The National Post's Full Comment section occasionally links to us. (No, we don't get paid for this; they follow the usual blog convention of copying a couple of paragraphs and sending readers here for the full article. Everyone is free to do so.) My post Economic policy advice for the NDP, Part III: The GST ran there awhile ago, and it elicited this comment:
Finally, someone understands.
Brilliant.
Man, the comments over there are nutty. You better hide in some sort of Soviet communist bunker before they come and get you and all the taxpayer money you stole....Oh wait, you are already there in your make believe world of academics.
Posted by: jg | August 27, 2009 at 07:10 PM
Mwaahaha
Posted by: Patrick | August 27, 2009 at 07:20 PM
That was exactly the thought I had when I heard of "The Rebel Sell" and checked out its website. Since then I saw one of them have a diavlog with Will Wilkinson and I concluded he either shifted to the right since that time or he was only pretending to be a lefty in order to fool other lefties.
Posted by: TGGP | August 27, 2009 at 07:33 PM
LOL! Backhanded compliments like that are hard to come by. (The tragedy is that most of the current crop of NDP rocket scientists won't get it.)
So lemme see now.... Our consumate economic policy expert, Prime Minister Stephen Harper, cut the GST (value-added federal sales tax) not once but twice during a rip-snorting out-of-control commodity-driven boom because he wanted to create a structural deficit that would
a) limit the federal government's ability to spend and/or transfer money to other governments and Canadians; and
b) transform Canadian government bonds into higher yielding yet still extremely low risk financial assets for his constituents who are apparently financially illiterate yet have a good nose for a free lunch.

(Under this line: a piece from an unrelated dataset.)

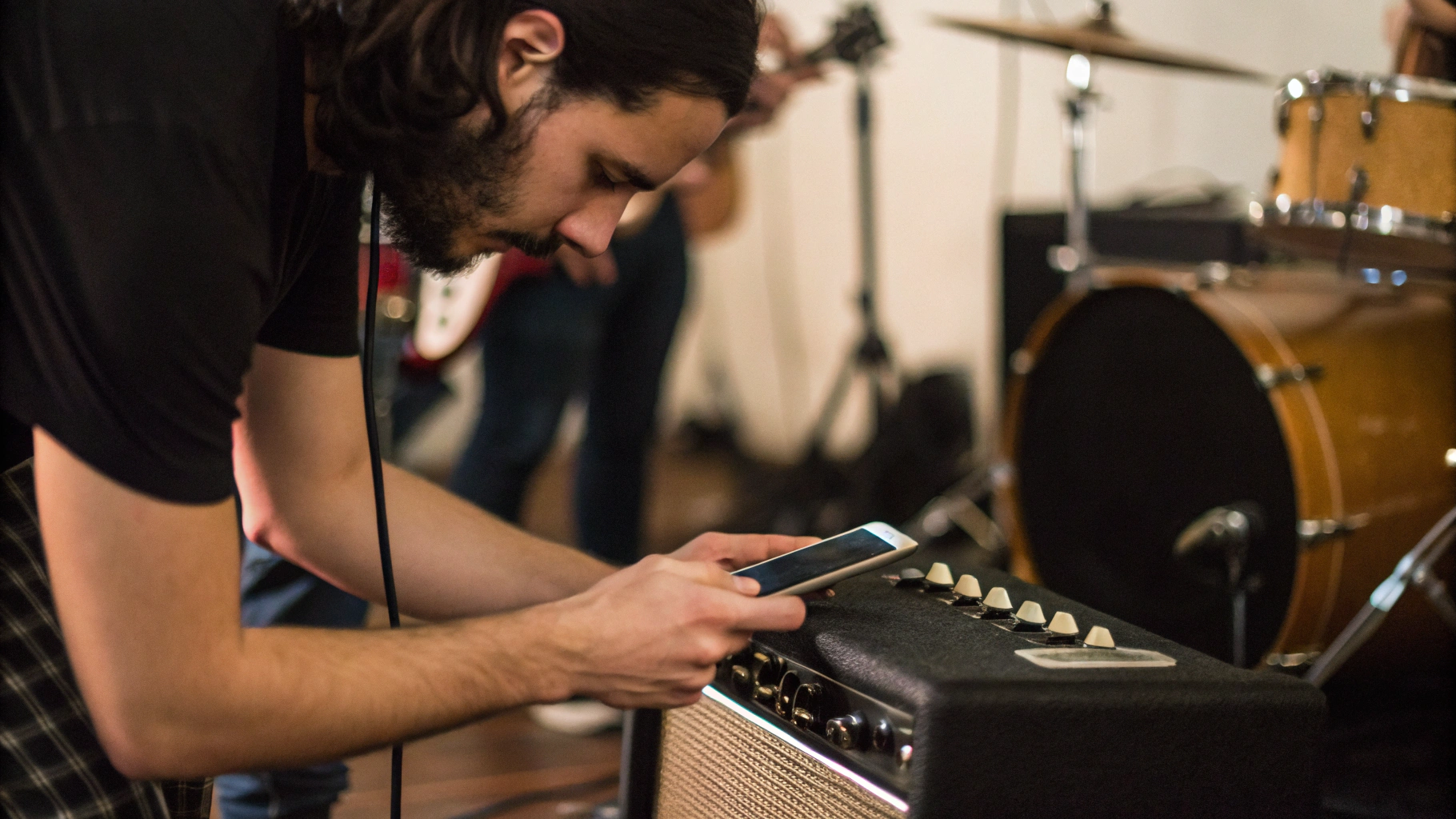 Музыкант ставит смартфон на комбоусилитель, чтобы записать репетицию группы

Posted by: westslope | August 28, 2009 at 02:36 PM
You did a good comparison of the GST and the income tax. How about a comparison of the GST and a flat wealth tax? :)
Many thanks.
Posted by: Min | August 28, 2009 at 03:08 PM
Westslope:
A third could be c) create a structural deficit to starve the beast that is the federal government.....but I doubt it.

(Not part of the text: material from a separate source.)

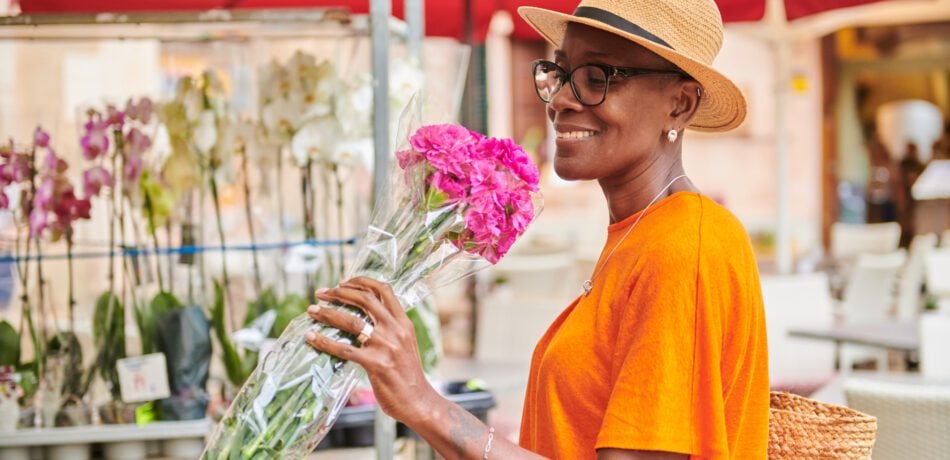 Woman wearing a hat and glasses smiling and holding a bunch of pink flowers in a farmer's market.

Posted by: Matthew | August 28, 2009 at 04:37 PM
Matthew: Your point c) is well taken but perhaps just a more colourful way of expressing point a).

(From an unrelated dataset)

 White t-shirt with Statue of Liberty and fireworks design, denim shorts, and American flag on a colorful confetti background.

There are points d) and e) for those who believe that fiscal stimulus impacts have real, measurable impacts. Harper cut the GST twice to further stimulate the economy, drive the value of the Canadian dollar higher, and in the process
d) make it less expensive for his resource-industry buddies to import foreign capital machinery, and
e) crowd-out non-resource activies and increase the dependence of Canada's economy on resource extraction thus helping to shift economic power to western Canada where coincidence of coincidence resides Harper's core constituency.